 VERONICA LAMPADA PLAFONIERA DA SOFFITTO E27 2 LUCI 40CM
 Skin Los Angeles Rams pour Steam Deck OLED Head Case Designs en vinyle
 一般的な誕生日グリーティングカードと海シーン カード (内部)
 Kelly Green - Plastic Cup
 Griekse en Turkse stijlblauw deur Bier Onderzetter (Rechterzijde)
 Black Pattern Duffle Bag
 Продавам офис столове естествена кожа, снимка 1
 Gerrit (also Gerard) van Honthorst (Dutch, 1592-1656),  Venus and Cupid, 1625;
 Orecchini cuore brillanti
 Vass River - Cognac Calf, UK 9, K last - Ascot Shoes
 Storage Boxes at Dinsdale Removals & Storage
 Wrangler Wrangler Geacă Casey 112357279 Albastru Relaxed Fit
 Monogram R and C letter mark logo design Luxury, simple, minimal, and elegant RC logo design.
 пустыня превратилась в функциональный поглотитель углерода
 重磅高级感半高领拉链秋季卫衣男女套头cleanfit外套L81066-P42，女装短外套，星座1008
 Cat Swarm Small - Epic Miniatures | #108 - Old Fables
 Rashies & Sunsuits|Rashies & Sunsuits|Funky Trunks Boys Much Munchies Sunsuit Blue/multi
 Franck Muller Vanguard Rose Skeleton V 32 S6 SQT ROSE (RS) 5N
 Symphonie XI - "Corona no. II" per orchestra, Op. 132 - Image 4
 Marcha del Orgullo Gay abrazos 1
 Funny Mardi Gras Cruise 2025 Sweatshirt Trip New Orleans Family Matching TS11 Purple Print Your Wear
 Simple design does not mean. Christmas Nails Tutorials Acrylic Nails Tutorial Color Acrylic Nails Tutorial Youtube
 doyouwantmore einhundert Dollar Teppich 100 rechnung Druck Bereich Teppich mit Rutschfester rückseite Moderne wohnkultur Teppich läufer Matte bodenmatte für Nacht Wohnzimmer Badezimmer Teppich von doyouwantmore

• **Your goal**
Would you print, exactly as written, every line above from the one holding "一般的な誕生日グリーティングカードと海シーン カード (内部)" through the one holding "Vass River - Cognac", with both included and no other lines?

• **Expected answer**
 一般的な誕生日グリーティングカードと海シーン カード (内部)
 Kelly Green - Plastic Cup
 Griekse en Turkse stijlblauw deur Bier Onderzetter (Rechterzijde)
 Black Pattern Duffle Bag
 Продавам офис столове естествена кожа, снимка 1
 Gerrit (also Gerard) van Honthorst (Dutch, 1592-1656),  Venus and Cupid, 1625;
 Orecchini cuore brillanti
 Vass River - Cognac Calf, UK 9, K last - Ascot Shoes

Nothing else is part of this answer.